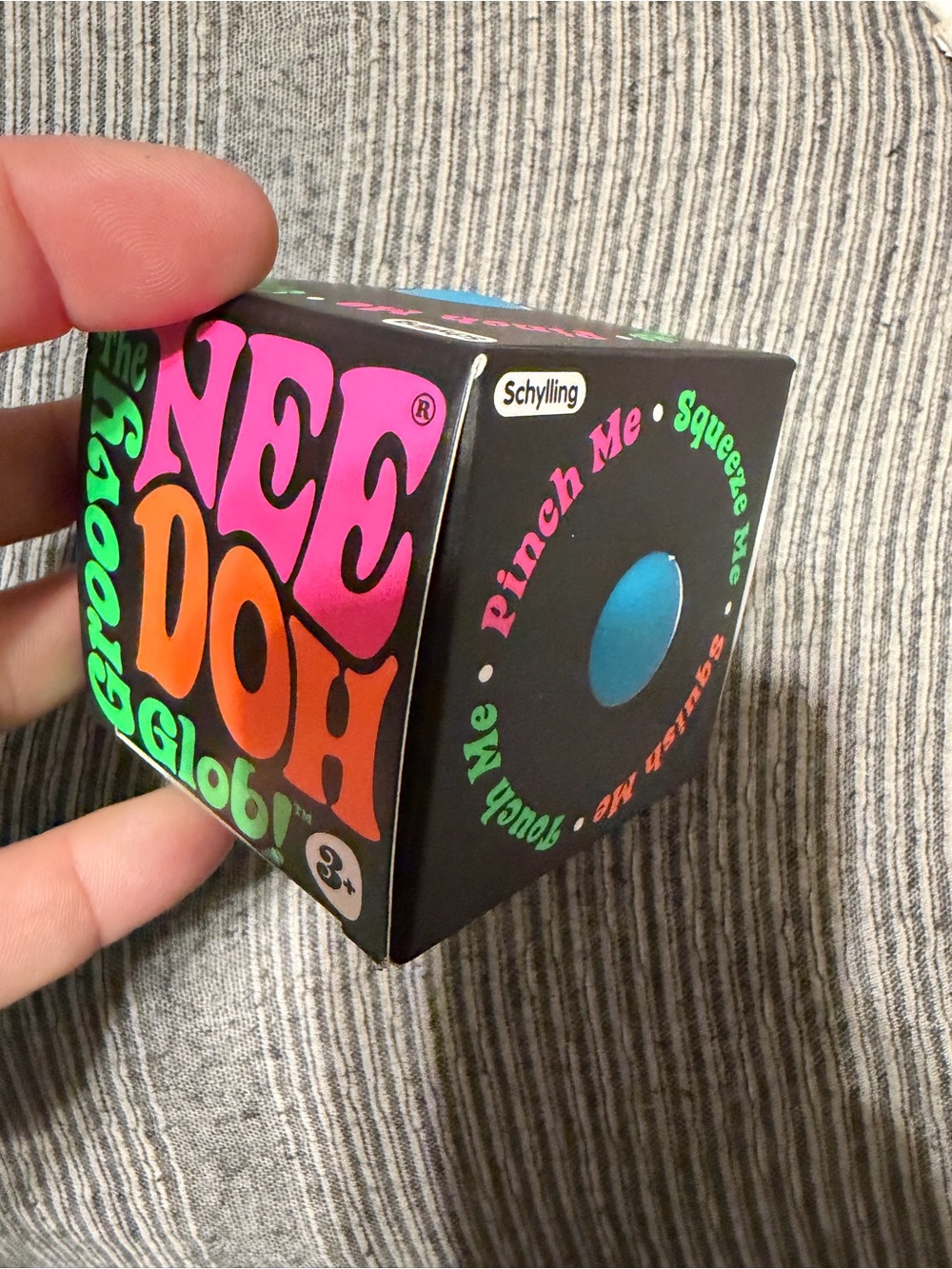 Blue needoh groovy glob squishy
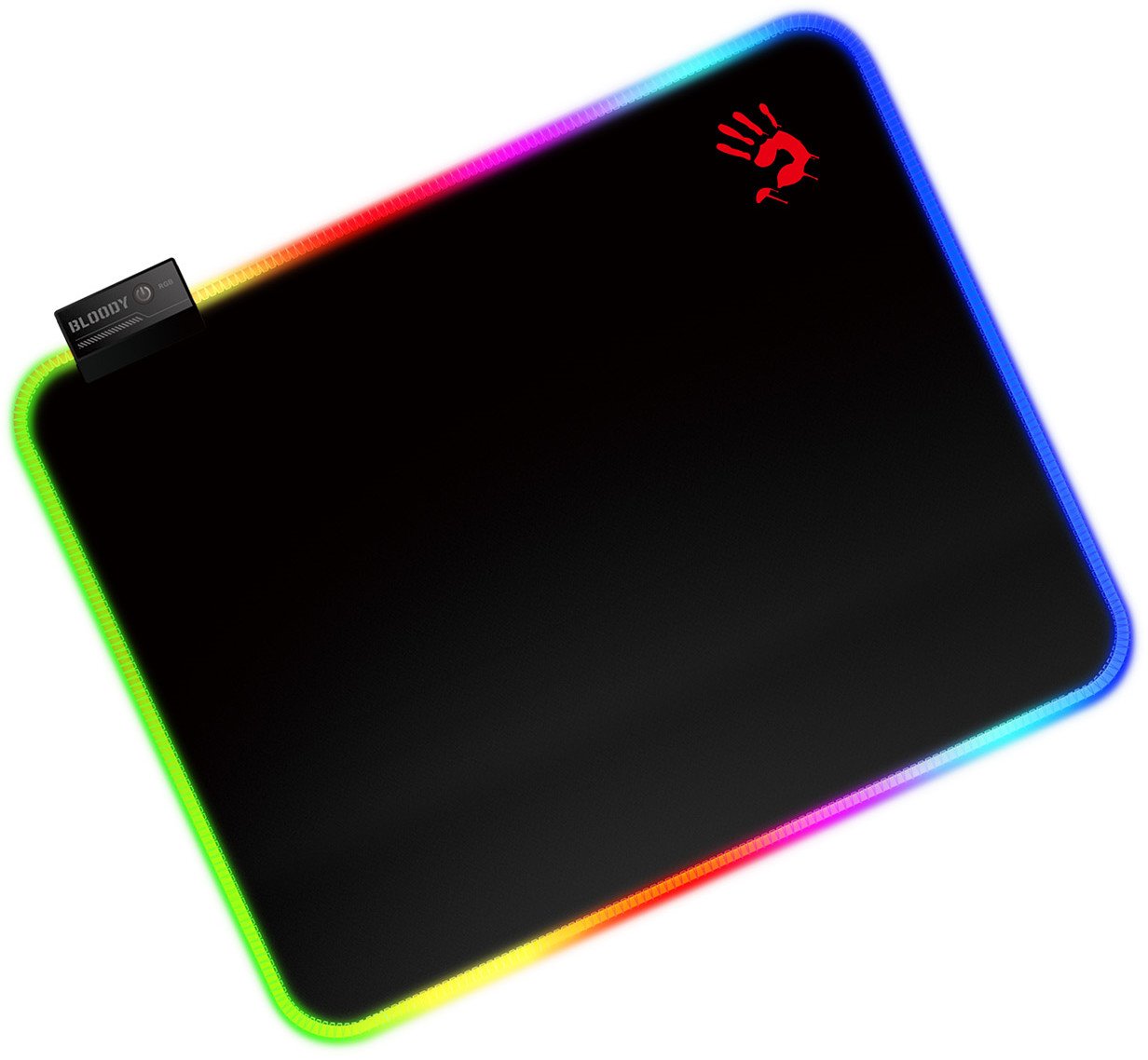 Podkładka A4Tech A4tech Bloody Podložka pod myš MP-45N, vel. L (450×400mm), RGB, Černá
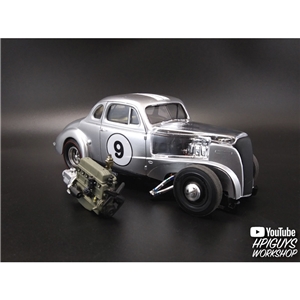 1937 Chevy Bonneville Racer  Salt Shaker  Car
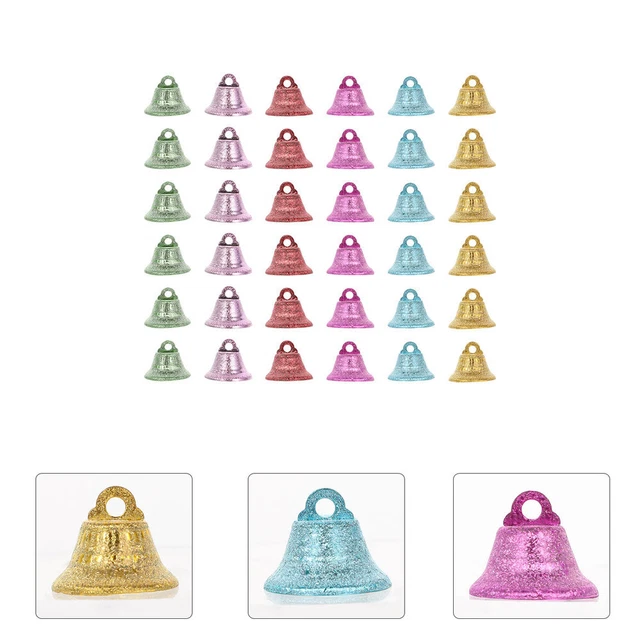 40Pcs DIY christmas tree ornament Metall Glocken für Handwerk Weihnachten Baum O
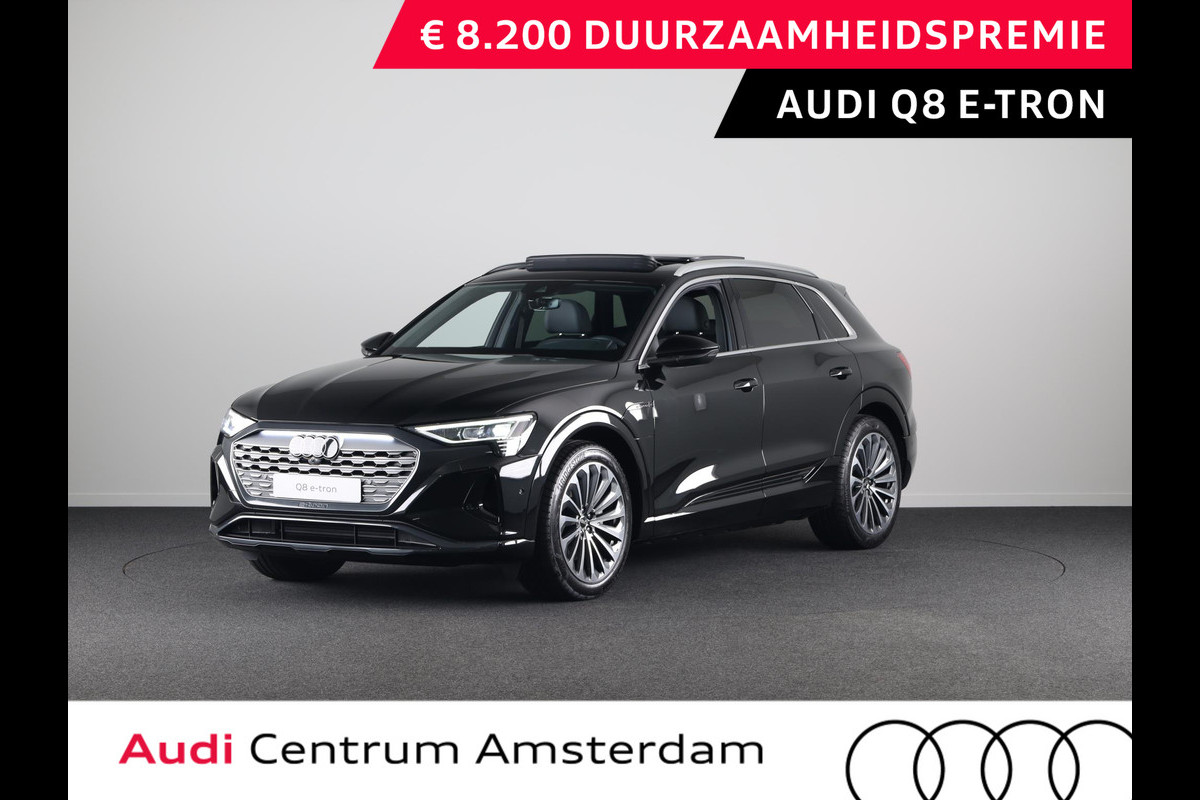 Audi Q8 e-tron Advanced edition plus 55 300kw/408pk 114Kwh SUV El VAN € 84190,-. VOOR € 75990,-.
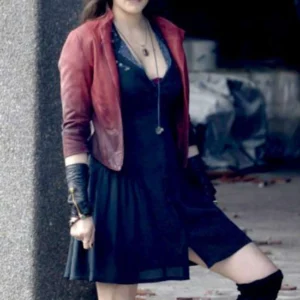 Elizabeth Olsen The Avengers Age of Ultron Scarlet Witch Jacket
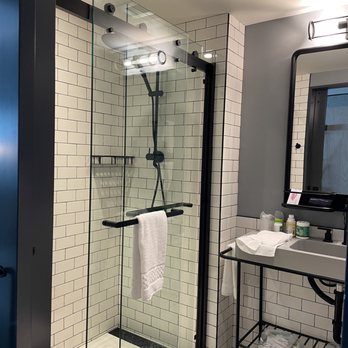 Moxy Seattle Downtown - Bathroom - Hotels Near Me - Seattle, Washington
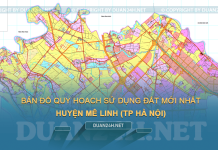 Tải về bản đồ quy hoạch huyện Mê Linh (TP Hà Nội)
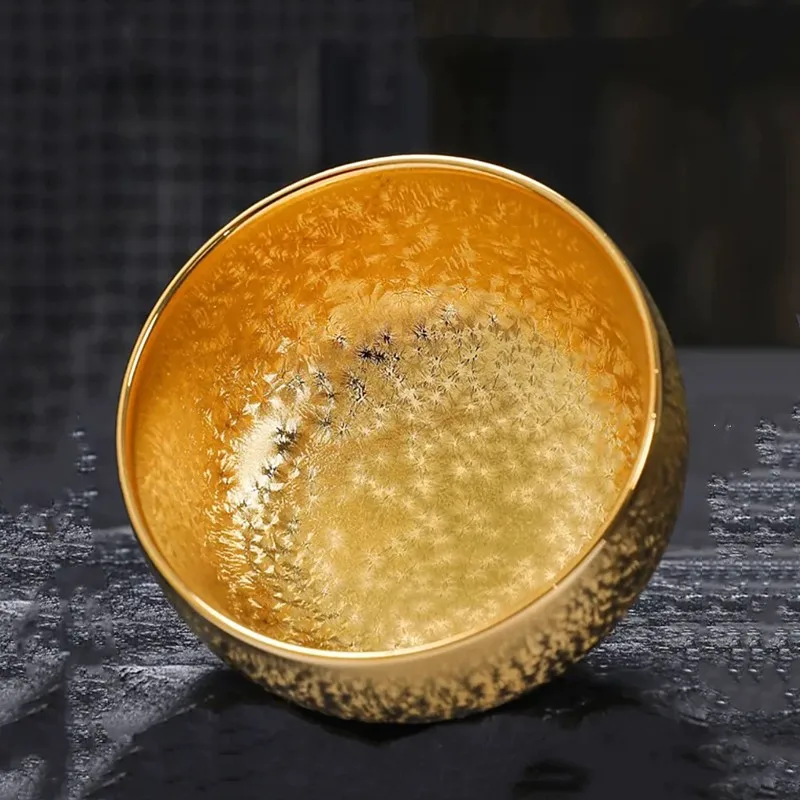 120ml High-grade Silver-plated Ceramic Tea Cup Handmade Zen Master Cup Custom Portable Beauty Teacup Chinese Tea Accessories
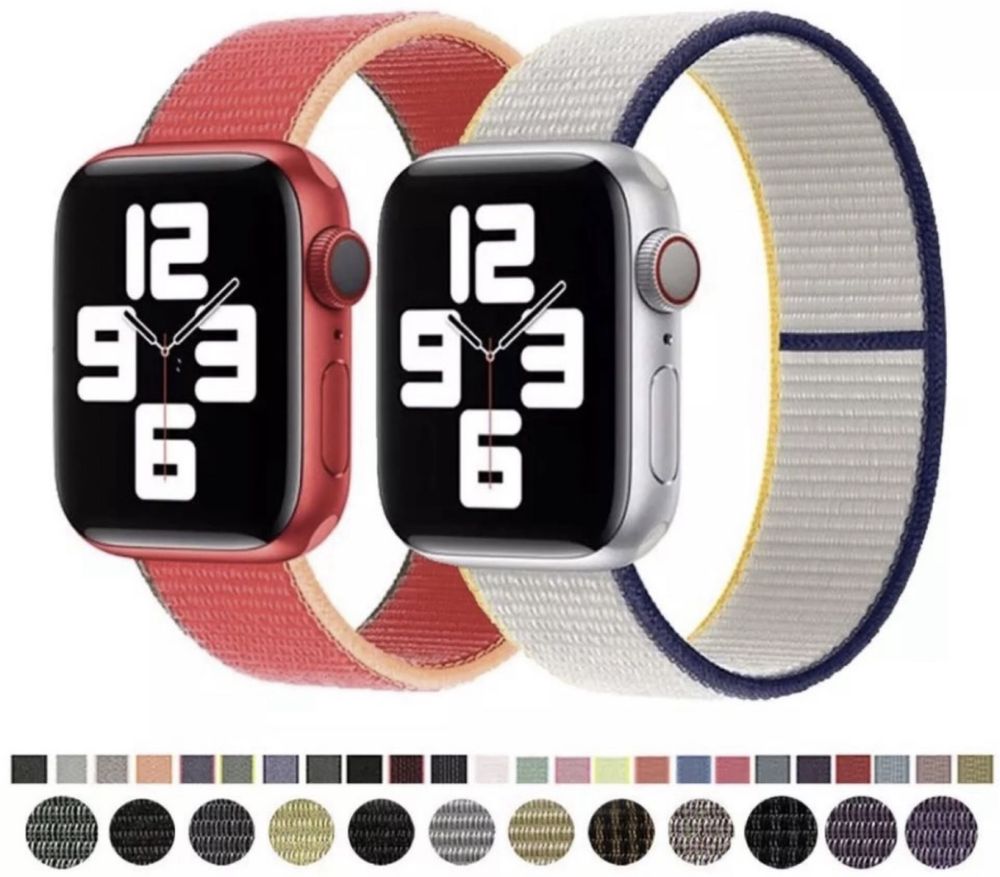 Curea Husa Folie Bracelet Nylon Sintetic Compatibila Ceas Apple Watch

Task directions: Quote exactly, and only, the lines from the one containing "40Pcs DIY christmas" through the last line of the records above, both included; leave out any pictures.

Completed exercise:
 40Pcs DIY christmas tree ornament Metall Glocken für Handwerk Weihnachten Baum O
 Audi Q8 e-tron Advanced edition plus 55 300kw/408pk 114Kwh SUV El VAN € 84190,-. VOOR € 75990,-.
 Elizabeth Olsen The Avengers Age of Ultron Scarlet Witch Jacket
 Moxy Seattle Downtown - Bathroom - Hotels Near Me - Seattle, Washington
 Tải về bản đồ quy hoạch huyện Mê Linh (TP Hà Nội)
 120ml High-grade Silver-plated Ceramic Tea Cup Handmade Zen Master Cup Custom Portable Beauty Teacup Chinese Tea Accessories
 Curea Husa Folie Bracelet Nylon Sintetic Compatibila Ceas Apple Watch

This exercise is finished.